Why Agile Project Management?
Agile project management has a long history, but we have started to hear this methodology more frequently in last 5 years. Because of the increasing change speed of technology and importance of cost reductions in projects, Agile Project Management approaches started to become more important especially in
Software Projects.
Agile Project Management:
Agile project management
methodology proposes to deliver a product or work package to a customer in smaller pieces instead of a complete delivery at the end. These smaller pieces are called as “sprint” and at the end of each sprint, customer has chance to see a testable deliverable of a software, for instance a module of a big screen. Since bigger software parts are decomposed into smaller, testable and verifiable parts, this methodology enables to show the outcome of the project work sooner compared to former methodologies. Following figure shows Agile Project Management Methodology in projects.
Instead of
Project managers, agile projects are led by the
Scrum Masters and they are responsible from team coordination and collaboration. Delivery sets for each day are shaped during scrum meetings which take less than 15 minutes each day. Main purpose of these meetings are letting know each other that “where I am in my activity”, and also fixing problems of team members if there is any.
Let’s say that in your
software project, you have a very big screen that needs to be developed, your estimation is 70 days and this screen includes 20 modules. If you use former
methodologies, they imply to plan this screen to be developed as a whole and tested by the customer at the end once it is ready with its all modules. Changes are inevitable in projects, and it is more inevitable in software projects. 70 days is a very long duration in software world that many things can change during this period including:
-
Scope of the screen
-
Requirements of the screen
-
Parts that are interrelated with this screen (e.g. other services or screens in relation with this screen)
-
Customer preferences
Therefore, instead of developing and delivering such a big screen as a whole might cause problems especially in user acceptance or in other terms validation. Because, only at the end of the screen customer will be able to check the functionality of the screen and then accept, reject or request changes.

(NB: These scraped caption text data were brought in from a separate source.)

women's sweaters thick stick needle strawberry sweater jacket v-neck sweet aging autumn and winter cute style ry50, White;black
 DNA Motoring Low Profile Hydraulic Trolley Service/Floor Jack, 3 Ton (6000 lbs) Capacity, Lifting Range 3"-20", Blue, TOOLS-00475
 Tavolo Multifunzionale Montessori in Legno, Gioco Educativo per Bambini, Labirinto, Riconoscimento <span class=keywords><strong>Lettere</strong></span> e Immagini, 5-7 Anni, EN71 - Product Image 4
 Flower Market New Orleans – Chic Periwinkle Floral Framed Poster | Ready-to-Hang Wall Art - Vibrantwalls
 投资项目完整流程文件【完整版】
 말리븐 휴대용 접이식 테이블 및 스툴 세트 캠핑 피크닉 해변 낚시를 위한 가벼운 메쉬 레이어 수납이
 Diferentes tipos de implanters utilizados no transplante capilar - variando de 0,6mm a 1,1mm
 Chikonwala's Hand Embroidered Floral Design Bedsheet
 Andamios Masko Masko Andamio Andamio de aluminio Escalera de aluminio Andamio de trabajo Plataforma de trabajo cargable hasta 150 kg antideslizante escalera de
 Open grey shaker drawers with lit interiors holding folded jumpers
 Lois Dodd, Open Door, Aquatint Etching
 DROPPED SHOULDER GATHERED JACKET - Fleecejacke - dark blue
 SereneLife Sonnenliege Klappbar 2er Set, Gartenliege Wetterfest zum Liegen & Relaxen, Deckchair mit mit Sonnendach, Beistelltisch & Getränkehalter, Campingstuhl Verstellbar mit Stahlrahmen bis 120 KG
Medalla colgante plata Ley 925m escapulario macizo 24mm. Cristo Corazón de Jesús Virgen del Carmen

For example, at the end of the screen, customer might come with a change request which affects 6 modules of the screen and needs 1 day of rework in each. This means 6 days of rework in total.
However, if you have adopted
Agile Project Management methodology, this change request would have been received right after you delivered first module of those 6 modules, and this change would be causing rework only in 1st module. Rest of the modules would be developed in compliant with the requested change since change request has been received for the first module. This means 1 day of rework in total. As a consequence 5 days of saving compared to former methodologies.
As expressed in the example above, agile methodologies can enable more frequent deliveries of the project work, shorter testing and validation periods, decreases rework and increases team collaboration. If you are adopting agile methodologies in your projects, the most important thing in my opinion is to avoid scope creep. Because customers see frequent outcomes and based on the outcomes they might request excessive change requests and these may result in scope creep that you can lose the control of the project.
A common mistake about
Agile Project Management is done by the organizations. I have seen even in a very mature and corporate organization with over 10.000+ employees that “Agile” is abused by “Unplanned” or “Very Fast”. I remember through our meetings with one of my customers during project initiation that an executive of the customer said “We do not have enough time for planning; we need to deliver this project by end of this year. Therefore we need agile project management”.
Agile can save time in your projects, but this doesn’t mean that you will go without planning. You will still have a scope, a budget, a time-plan, resources, constraints etc. Only methodologies and approach of
Agile Project Management might save your time, it will save time through decreasing rework, spreading validation through time and decomposing the bigger work into smaller more manageable and deliverable pieces. Keep in mind that if development of a screen is 5 days, you cannot deliver in 3 days by adopting agile methodologies. Effort needed to be spent to complete a specific activity is same and depending on the activity, performer, project and other constraints.